FerretDB is an open-source database designed as a lightweight alternative to MongoDB. It acts as a translation layer between MongoDB queries and a traditional SQL database, such as PostgreSQL. This allows users to interact with a document database API (like MongoDB) while storing the data in PostgreSQL. In essence, FerretDB combines the strengths of MongoDB's developer-friendly API with the reliability and features of SQL databases, offering a flexible solution for users who prefer or need to work within the open-source ecosystem. You can see some benchmarks in this article.

Artificial Intelligence

We aim to store various types of data in an SQL database, but there isn't a direct method for storing complex items like movies, songs, actors, PDFs, images, or videos. This makes it difficult to identify similarities or perform tasks like clustering or finding neighboring objects. To enable such comparisons, we need to convert these objects into numerical representations—essentially a list of numbers (a vector or embedding) that captures key characteristics of the object. For example, a movie could be represented by traits such as its star rating, runtime in minutes, number of actors, or the number of songs used in it. Let’s see how Postgres supports that.

Vectors and Embeddings in Postgres

PostgreSQL enables the use of embeddings through the pgvector extension. This extension introduces a new column type and operators specifically designed for storing and processing embeddings. With pgvector, we can perform element-wise addition and other arithmetic operations, calculate Euclidean or cosine distances between vectors, compute inner products, and determine the Euclidean norm. It also supports a variety of additional operations for handling vectors.

pgai To Build RAG In Postgres

If pgvector is not enough, pgai streamlines the development of search and Retrieval Augmented Generation (RAG) AI applications directly within PostgreSQL. With pgai, embedding and AI generation models are more tightly integrated into the database. This allows you to perform several tasks directly through SQL queries, including:

  • Creating vector embeddings for your data.

  • Retrieving LLM chat completions from models such as Claude Sonnet 3.5, OpenAI GPT-4, Cohere Command, and Llama 3 (via Ollama).

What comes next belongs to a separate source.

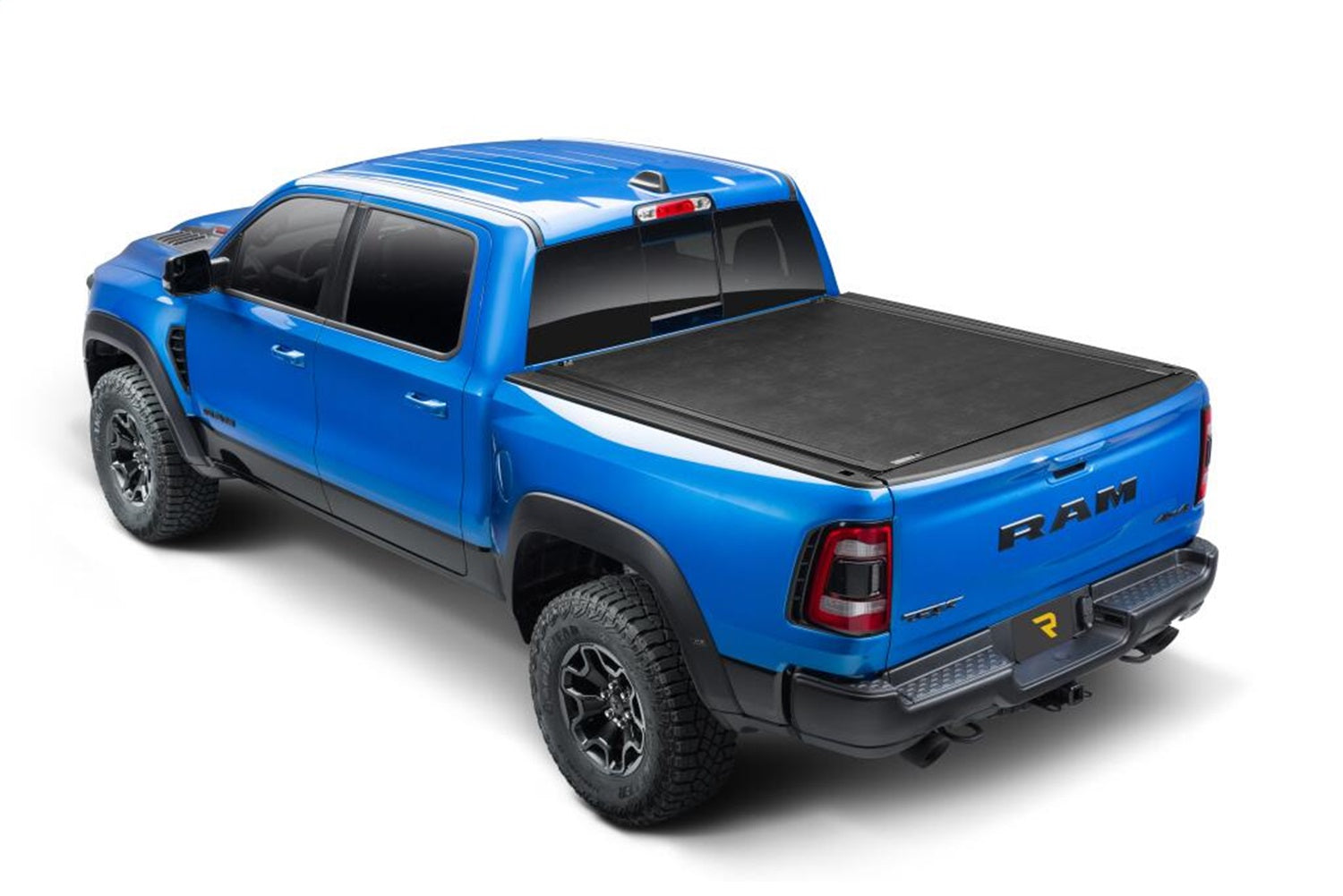 https://www.catalograck.com/ImgVDHR/BAK/BK_Revolver-X2-2019-2022_HydroBlue-Ram1500_TRX_0222_Closed_01_RT.jpg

  • Reasoning over your data, enabling use cases like classification, summarization, and data enrichment on your existing relational data in PostgreSQL.

You can learn more in this article comparing various solutions.

Summary

PostgreSQL is one of the most widely used SQL databases, but it's more than just an SQL engine. With a wide range of extensions, it can now manage non-relational data, perform full-text searches, support analytical workflows, handle time series data, and much more. The traditional distinction between OLAP and OLTP is no longer necessary, as PostgreSQL enables HTAP workflows to be executed within a single database. This versatility makes PostgreSQL capable of meeting a broad range of data processing needs.